**PROVIDED RECORDS**
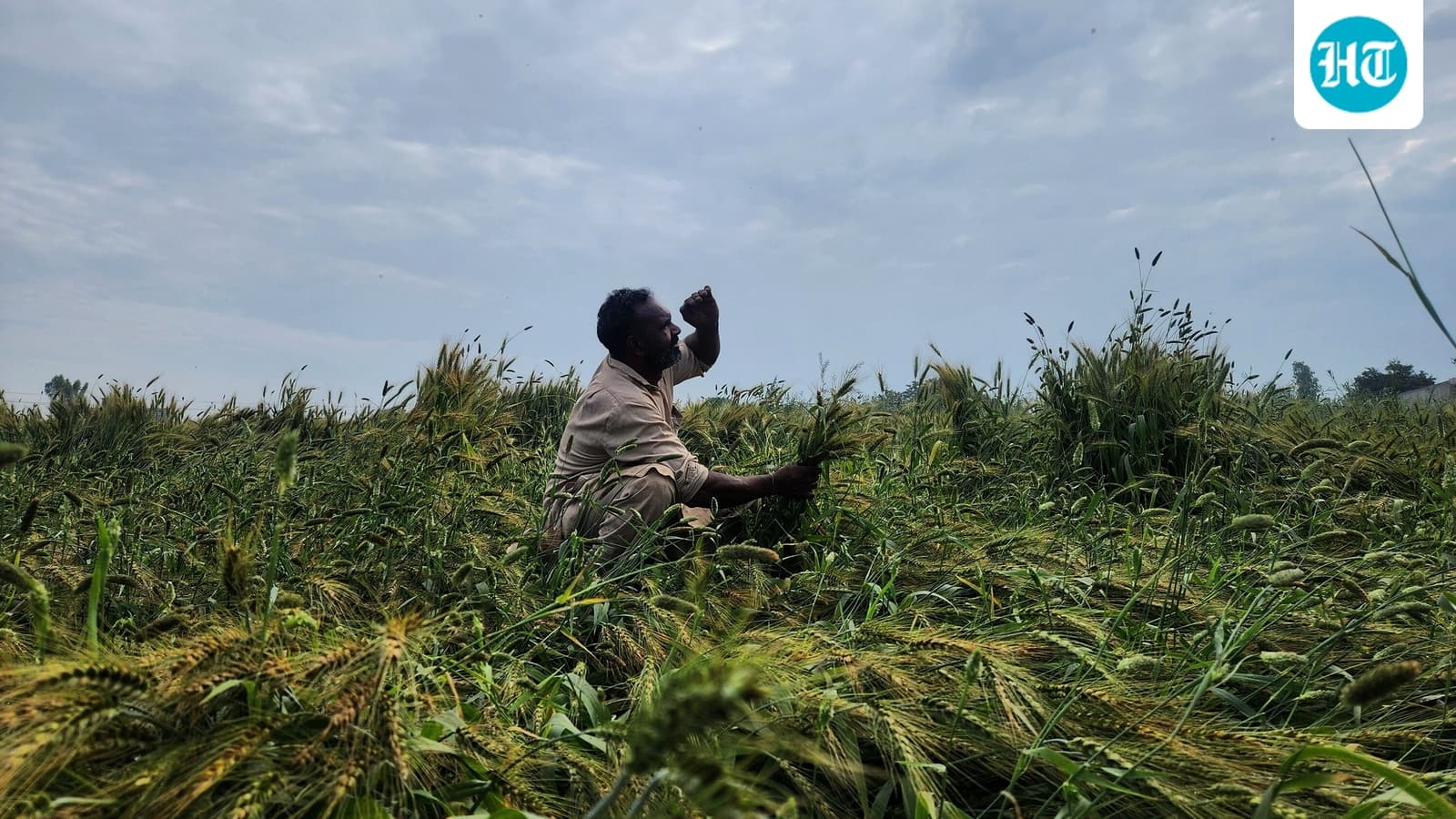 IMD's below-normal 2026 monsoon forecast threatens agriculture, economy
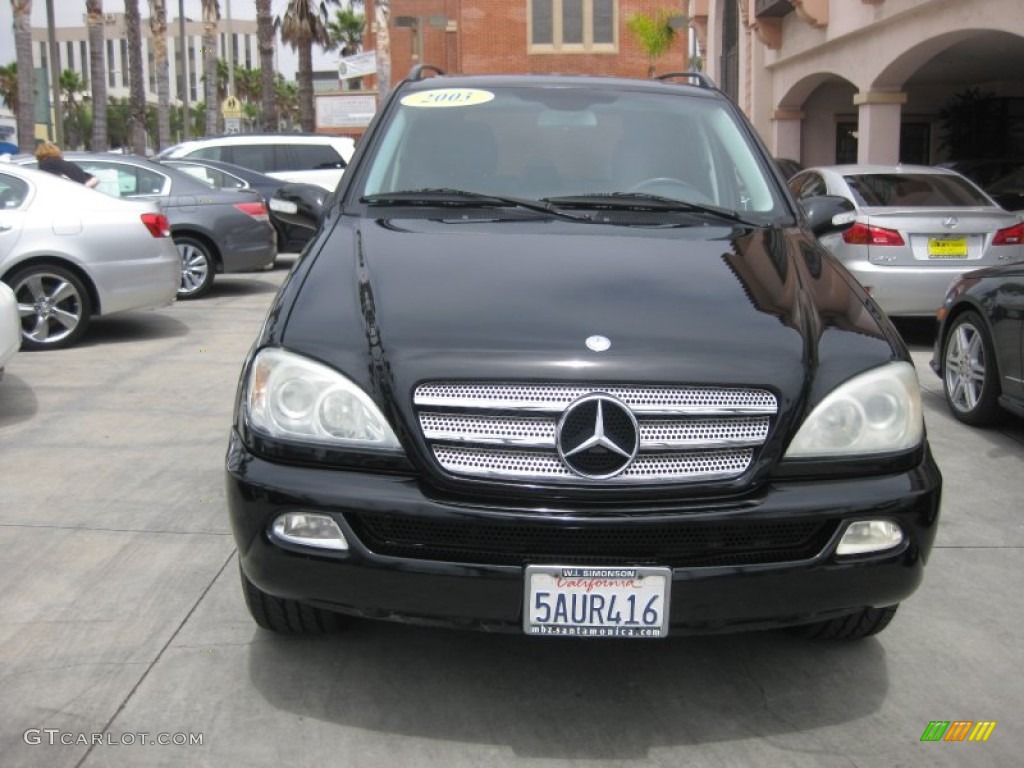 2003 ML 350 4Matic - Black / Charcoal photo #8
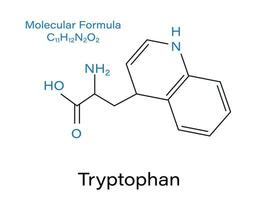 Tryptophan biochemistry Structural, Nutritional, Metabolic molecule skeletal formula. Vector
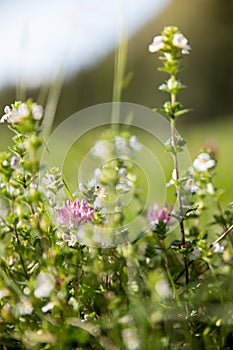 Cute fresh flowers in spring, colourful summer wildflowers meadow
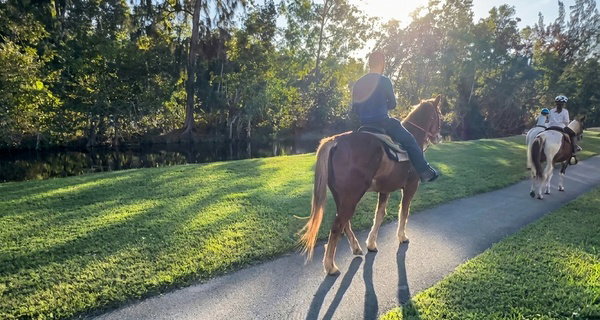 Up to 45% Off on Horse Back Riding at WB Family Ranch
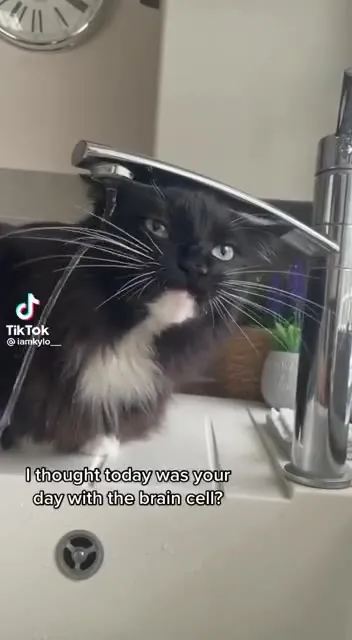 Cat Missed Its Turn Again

**YOUR INSTRUCTIONS**
Starting with the line that holds "Cute fresh flowers", copy every line exactly through the final line of the material, but skip the pictures.

**RESULT**
 Cute fresh flowers in spring, colourful summer wildflowers meadow
 Up to 45% Off on Horse Back Riding at WB Family Ranch
 Cat Missed Its Turn Again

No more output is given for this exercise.